*** Records ***

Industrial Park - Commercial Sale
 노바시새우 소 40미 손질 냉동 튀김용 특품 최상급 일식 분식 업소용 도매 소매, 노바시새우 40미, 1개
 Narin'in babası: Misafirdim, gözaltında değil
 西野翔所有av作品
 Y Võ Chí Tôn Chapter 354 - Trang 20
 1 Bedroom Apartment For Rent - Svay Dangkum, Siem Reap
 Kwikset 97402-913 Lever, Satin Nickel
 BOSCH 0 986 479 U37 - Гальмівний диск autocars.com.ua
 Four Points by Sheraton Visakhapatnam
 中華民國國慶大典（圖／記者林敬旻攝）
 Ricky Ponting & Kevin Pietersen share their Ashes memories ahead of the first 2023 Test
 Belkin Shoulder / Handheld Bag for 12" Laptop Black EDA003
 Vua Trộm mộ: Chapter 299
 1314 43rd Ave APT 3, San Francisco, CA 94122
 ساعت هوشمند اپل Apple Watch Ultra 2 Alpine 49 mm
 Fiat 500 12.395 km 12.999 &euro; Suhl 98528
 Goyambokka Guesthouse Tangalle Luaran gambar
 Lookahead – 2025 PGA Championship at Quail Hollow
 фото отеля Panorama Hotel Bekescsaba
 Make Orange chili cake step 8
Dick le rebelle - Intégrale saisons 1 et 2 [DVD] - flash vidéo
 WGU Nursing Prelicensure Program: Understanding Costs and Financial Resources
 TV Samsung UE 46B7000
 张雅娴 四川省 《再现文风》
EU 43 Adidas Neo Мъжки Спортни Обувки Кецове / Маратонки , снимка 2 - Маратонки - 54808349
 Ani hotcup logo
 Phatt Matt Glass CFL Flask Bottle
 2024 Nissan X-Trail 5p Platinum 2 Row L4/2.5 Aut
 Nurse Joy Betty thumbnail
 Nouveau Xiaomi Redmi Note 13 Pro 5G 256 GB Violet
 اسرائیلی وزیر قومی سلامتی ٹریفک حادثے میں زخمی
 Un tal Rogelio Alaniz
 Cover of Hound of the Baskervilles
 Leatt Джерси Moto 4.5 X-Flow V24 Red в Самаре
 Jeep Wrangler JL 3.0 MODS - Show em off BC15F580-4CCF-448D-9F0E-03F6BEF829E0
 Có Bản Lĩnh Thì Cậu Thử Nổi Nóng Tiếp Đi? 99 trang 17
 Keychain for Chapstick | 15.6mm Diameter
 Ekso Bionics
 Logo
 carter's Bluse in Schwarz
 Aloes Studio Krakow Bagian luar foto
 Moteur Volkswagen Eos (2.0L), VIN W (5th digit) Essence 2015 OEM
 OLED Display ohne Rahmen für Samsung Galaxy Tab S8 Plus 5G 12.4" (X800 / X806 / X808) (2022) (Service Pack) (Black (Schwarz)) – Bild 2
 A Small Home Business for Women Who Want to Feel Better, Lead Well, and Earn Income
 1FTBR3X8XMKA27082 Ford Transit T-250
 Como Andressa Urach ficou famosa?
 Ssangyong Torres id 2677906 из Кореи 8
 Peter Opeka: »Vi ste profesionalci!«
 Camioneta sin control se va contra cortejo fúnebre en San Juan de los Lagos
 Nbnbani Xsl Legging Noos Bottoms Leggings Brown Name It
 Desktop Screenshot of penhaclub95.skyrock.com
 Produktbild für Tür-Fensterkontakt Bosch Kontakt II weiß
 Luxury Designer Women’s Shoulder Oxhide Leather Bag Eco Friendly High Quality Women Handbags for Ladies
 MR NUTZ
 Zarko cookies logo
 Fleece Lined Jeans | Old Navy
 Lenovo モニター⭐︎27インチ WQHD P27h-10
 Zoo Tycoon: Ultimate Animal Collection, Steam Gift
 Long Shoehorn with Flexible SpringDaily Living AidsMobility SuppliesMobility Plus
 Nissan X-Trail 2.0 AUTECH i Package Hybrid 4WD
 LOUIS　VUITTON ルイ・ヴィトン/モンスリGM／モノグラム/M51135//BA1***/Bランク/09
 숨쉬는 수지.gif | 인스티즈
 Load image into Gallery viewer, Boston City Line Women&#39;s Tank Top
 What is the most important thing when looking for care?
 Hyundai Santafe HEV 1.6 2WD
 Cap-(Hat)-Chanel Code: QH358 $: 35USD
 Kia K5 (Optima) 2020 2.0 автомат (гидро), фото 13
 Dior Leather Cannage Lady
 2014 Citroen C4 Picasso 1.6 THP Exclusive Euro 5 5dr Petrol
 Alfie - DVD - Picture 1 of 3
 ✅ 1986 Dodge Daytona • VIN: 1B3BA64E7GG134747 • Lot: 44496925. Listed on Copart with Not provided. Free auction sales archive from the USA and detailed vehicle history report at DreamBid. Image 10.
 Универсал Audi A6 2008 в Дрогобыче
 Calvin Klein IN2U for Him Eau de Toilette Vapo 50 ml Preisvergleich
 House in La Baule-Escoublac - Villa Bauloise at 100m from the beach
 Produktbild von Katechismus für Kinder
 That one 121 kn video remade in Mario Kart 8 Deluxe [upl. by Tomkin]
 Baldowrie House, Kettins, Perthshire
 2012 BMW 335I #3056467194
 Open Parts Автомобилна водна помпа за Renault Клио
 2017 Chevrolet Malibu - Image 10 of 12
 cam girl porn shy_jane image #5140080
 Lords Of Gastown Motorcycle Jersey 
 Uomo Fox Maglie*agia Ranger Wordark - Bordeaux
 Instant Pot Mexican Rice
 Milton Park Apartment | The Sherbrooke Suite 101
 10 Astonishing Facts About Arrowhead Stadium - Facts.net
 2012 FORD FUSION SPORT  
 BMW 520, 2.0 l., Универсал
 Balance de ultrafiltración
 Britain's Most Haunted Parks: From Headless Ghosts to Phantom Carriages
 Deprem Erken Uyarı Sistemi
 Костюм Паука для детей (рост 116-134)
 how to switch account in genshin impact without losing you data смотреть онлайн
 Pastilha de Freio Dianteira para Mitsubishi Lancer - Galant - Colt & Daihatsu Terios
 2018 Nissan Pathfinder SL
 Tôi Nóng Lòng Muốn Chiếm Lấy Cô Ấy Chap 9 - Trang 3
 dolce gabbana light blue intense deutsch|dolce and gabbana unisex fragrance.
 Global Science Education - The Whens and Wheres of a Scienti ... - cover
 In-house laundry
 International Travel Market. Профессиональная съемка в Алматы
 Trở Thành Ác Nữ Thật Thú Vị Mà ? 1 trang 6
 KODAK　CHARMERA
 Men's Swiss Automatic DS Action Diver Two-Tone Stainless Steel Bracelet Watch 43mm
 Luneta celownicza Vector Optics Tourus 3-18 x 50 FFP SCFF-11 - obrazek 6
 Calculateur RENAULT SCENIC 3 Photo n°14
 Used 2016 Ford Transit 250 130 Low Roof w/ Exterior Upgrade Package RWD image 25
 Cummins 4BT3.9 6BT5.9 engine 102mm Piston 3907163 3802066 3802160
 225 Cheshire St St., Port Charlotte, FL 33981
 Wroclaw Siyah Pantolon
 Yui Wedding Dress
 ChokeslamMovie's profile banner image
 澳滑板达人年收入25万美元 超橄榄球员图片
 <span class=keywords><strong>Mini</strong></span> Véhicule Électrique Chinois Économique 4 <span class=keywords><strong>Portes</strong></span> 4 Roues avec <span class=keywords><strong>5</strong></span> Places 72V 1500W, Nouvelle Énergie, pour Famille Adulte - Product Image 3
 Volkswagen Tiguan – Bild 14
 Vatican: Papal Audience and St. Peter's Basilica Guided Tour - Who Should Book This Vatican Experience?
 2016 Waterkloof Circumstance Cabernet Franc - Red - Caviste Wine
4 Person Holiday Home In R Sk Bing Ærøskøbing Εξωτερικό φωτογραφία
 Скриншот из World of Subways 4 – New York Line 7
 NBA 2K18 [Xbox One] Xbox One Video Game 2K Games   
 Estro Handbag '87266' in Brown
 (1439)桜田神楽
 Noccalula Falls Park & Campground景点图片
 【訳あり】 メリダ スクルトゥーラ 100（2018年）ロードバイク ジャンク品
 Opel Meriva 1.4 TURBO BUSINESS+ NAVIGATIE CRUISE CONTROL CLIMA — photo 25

*** End of Records ***

How to complete this task
Reproduce only the lines above, starting at the line with "DreamBid. Image 10." and ending at the line with "澳滑板达人年收入25万美元 超橄榄球员图片", exactly as written.

Answer to this problem
 ✅ 1986 Dodge Daytona • VIN: 1B3BA64E7GG134747 • Lot: 44496925. Listed on Copart with Not provided. Free auction sales archive from the USA and detailed vehicle history report at DreamBid. Image 10.
 Универсал Audi A6 2008 в Дрогобыче
 Calvin Klein IN2U for Him Eau de Toilette Vapo 50 ml Preisvergleich
 House in La Baule-Escoublac - Villa Bauloise at 100m from the beach
 Produktbild von Katechismus für Kinder
 That one 121 kn video remade in Mario Kart 8 Deluxe [upl. by Tomkin]
 Baldowrie House, Kettins, Perthshire
 2012 BMW 335I #3056467194
 Open Parts Автомобилна водна помпа за Renault Клио
 2017 Chevrolet Malibu - Image 10 of 12
 cam girl porn shy_jane image #5140080
 Lords Of Gastown Motorcycle Jersey 
 Uomo Fox Maglie*agia Ranger Wordark - Bordeaux
 Instant Pot Mexican Rice
 Milton Park Apartment | The Sherbrooke Suite 101
 10 Astonishing Facts About Arrowhead Stadium - Facts.net
 2012 FORD FUSION SPORT  
 BMW 520, 2.0 l., Универсал
 Balance de ultrafiltración
 Britain's Most Haunted Parks: From Headless Ghosts to Phantom Carriages
 Deprem Erken Uyarı Sistemi
 Костюм Паука для детей (рост 116-134)
 how to switch account in genshin impact without losing you data смотреть онлайн
 Pastilha de Freio Dianteira para Mitsubishi Lancer - Galant - Colt & Daihatsu Terios
 2018 Nissan Pathfinder SL
 Tôi Nóng Lòng Muốn Chiếm Lấy Cô Ấy Chap 9 - Trang 3
 dolce gabbana light blue intense deutsch|dolce and gabbana unisex fragrance.
 Global Science Education - The Whens and Wheres of a Scienti ... - cover
 In-house laundry
 International Travel Market. Профессиональная съемка в Алматы
 Trở Thành Ác Nữ Thật Thú Vị Mà ? 1 trang 6
 KODAK　CHARMERA
 Men's Swiss Automatic DS Action Diver Two-Tone Stainless Steel Bracelet Watch 43mm
 Luneta celownicza Vector Optics Tourus 3-18 x 50 FFP SCFF-11 - obrazek 6
 Calculateur RENAULT SCENIC 3 Photo n°14
 Used 2016 Ford Transit 250 130 Low Roof w/ Exterior Upgrade Package RWD image 25
 Cummins 4BT3.9 6BT5.9 engine 102mm Piston 3907163 3802066 3802160
 225 Cheshire St St., Port Charlotte, FL 33981
 Wroclaw Siyah Pantolon
 Yui Wedding Dress
 ChokeslamMovie's profile banner image
 澳滑板达人年收入25万美元 超橄榄球员图片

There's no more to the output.